Discussion
Our cost-effectiveness model output suggests that targeted screening of high risk individuals and consequent secondary prevention of cardiovascular events by anti-platelet medication is cost effective and results in significant health gain by reducing cardiovascular events in PAD patients.
The analysis has been performed from societal perspective and all direct and indirect costs are incorporated for all the health states in the model. Our analysis interprets that PAD screening and anti-platelet preventive treatment is a highly cost-effective intervention. Changing the analysis perspective to health care payer's, would further strengthen this interpretation. This is the case in countries like the United Kingdom where health care is financed by general taxation, a health care provider's (National Health Services) perspective is used in pharmaco-economic analyses and only direct costs are covered.

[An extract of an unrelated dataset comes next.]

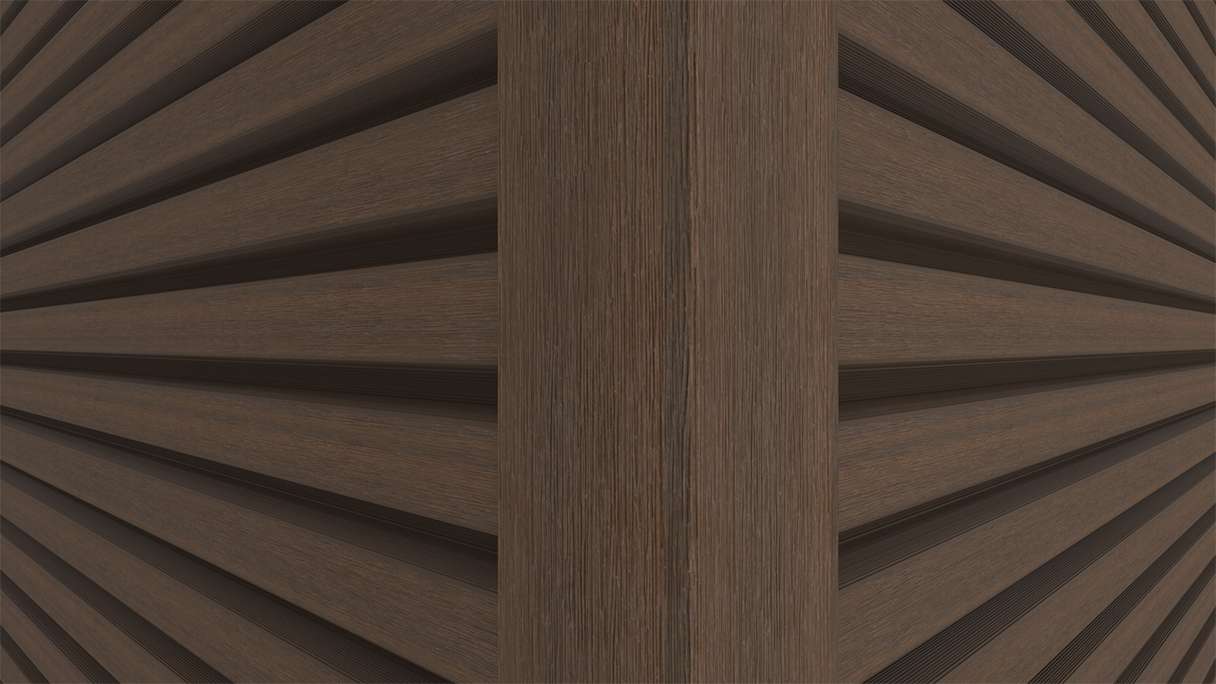 planeo LINEA Slim - Rivestimento per facciate in WPC CoEx, colore Ipe marrone, 2900 x 215 mm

A recent meta-analysis concluded that measurement of the ankle brachial index may improve the accuracy of cardiovascular risk prediction beyond the Framingham Risk Score. After adjustment for the Framingham risk score, the ABI provided significant improvement in predicting cardiovascular risk independent of established risk factors in a broad population. There is unequivocal evidence establishing the importance of targeted ABI screening.
In our model costs and effects were modeled for aspirin and clopidogrel. The CAPRIE trial data show that clopidogrel is more effective than aspirin in reducing cardiovascular events in the subgroup of patients with PAD. However, with branded clopidogrel (Plavix), cost was a major barrier for longer-term use. Plavix (clopidogrel) lost its patent protection from May 2012 and the generic form of clopidogrel is available at a much lower cost. Since branded Plavix may have been cost-prohibitive in certain non-reimbursement settings, there will likely be an increase in compliance with long-term generic clopidogrel therapy. Economic model results for the use of clopidogrel in PAD patients were in line with previous studies establishing the cost-effectiveness of this drug. These results were expected as generic clopidogrel costs only few Euros more than aspirin and provides higher risk reduction from C The limitation of our model is that the costs and health outcomes of only antiplatelet treatment are modeled. Depending upon the identified risk factors in the individual patients many additional medication interventions such as statins and tension lowering medications are prescribed for the medical management of PAD. However, our study focusses on antiplatelet treatment using Aspirin or Clopidogrel as this is the most commonly prescribed medication in almost all the patients. In order to model the additional therapies for each subgroup of high risk patients a much more complex model is needed.
ABI has been in wide use at specialized vascular clinics but its application in primary practice is limited. With a high degree of diagnostic accuracy and as much prognostic information, ABI screening is a cost-effective but underused primary care tool to detect PAD. Mohler et al. found that the time to perform ABI, staff constrains and lack of reimbursement are the most important barriers in its use and appropriate measures are required to deal with these barriers. However, this cost-effective analysis clearly indicates that the ABI screening is a highly cost-effective clinical tool to be applied in the primary care.
In the real world scenario, compliance to the ABI screening and to the preventive treatment thereafter, in an apparently healthy population could pose a challenge. However, factors like the noninvasive nature of the ABI testing and routine primary care visits of high risk individuals are likely to contribute to good compliance. Although lower compliance to the screening programme may affect the overall cost effectiveness results, it is unlikely to negate the cost-effectiveness of ABI screening altogether because of the high probability of the screening programme to be cost-effective as shown in the cost-effectiveness plane (Figure 4).
Our results are in line with a previously published modeling study by Sigvant et al. to assess the cost-effectiveness of various therapeutic agents in asymptomatic PAD patients. Aspirin as one of the preventive therapies produced similar health outcomes in 55 year-old patients as our model.
In line with ACC/AHA guidelines, this modeling study is only based upon risk reduction by preventive anti-platelet therapy given to the PAD patients. Additional cardiovascular risk reducing treatments such as exercise therapy, lipid lowering statins and blood pressure lowering drugs are also prescribed in PAD. Further research is required to quantify the consolidated effects of diverse preventive options in a heterogenic PAD population.